Let $$f(x) = \begin{cases} x^2\sin\frac{1}{x}; & x \neq 0 \\ 0; & x = 0 \end{cases}$$, then at $$x = 0$$

We need to analyze the continuity and differentiability of $$f(x) = \begin{cases} x^2\sin\frac{1}{x}, & x \neq 0 \\ 0, & x = 0 \end{cases}$$.

We start by examining the continuity of $$f$$ at $$x = 0$$.

$$\lim_{x \to 0} x^2\sin\frac{1}{x} = 0$$ (since $$|x^2\sin(1/x)| \leq x^2 \to 0$$).

This equals $$f(0) = 0$$, so $$f$$ is continuous at $$x = 0$$.

Next, we consider the differentiability of $$f$$ at $$x = 0$$.

$$f'(0) = \lim_{h \to 0} \frac{f(h) - f(0)}{h} = \lim_{h \to 0} \frac{h^2\sin(1/h)}{h} = \lim_{h \to 0} h\sin\frac{1}{h} = 0$$.

Therefore, $$f$$ is differentiable at $$x = 0$$ with $$f'(0) = 0$$.

Then, we check the continuity of the derivative $$f'$$ at $$x = 0$$.

For $$x \neq 0$$, $$f'(x) = 2x\sin\frac{1}{x} + x^2 \cdot \cos\frac{1}{x} \cdot \left(-\frac{1}{x^2}\right) = 2x\sin\frac{1}{x} - \cos\frac{1}{x}$$.

We look at the limit:

$$\lim_{x \to 0} f'(x) = \lim_{x \to 0}\left(2x\sin\frac{1}{x} - \cos\frac{1}{x}\right)$$.

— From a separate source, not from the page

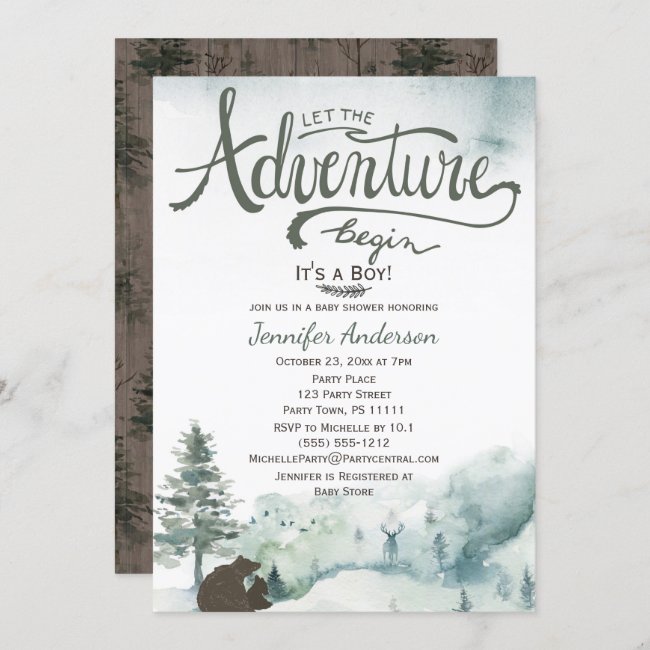 Forest Adventure Boy Country Bear Deer Baby Shower Invitation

The first term tends to 0, but $$\cos(1/x)$$ oscillates between $$-1$$ and $$1$$ as $$x \to 0$$, so this limit does not exist.

Hence, the derivative $$f'$$ is not continuous at $$x = 0$$.

In conclusion, $$f$$ is continuous and differentiable at $$x = 0$$, but $$f'$$ is not continuous there. The correct choice is Option 2: $$f$$ is continuous but $$f'$$ is not continuous.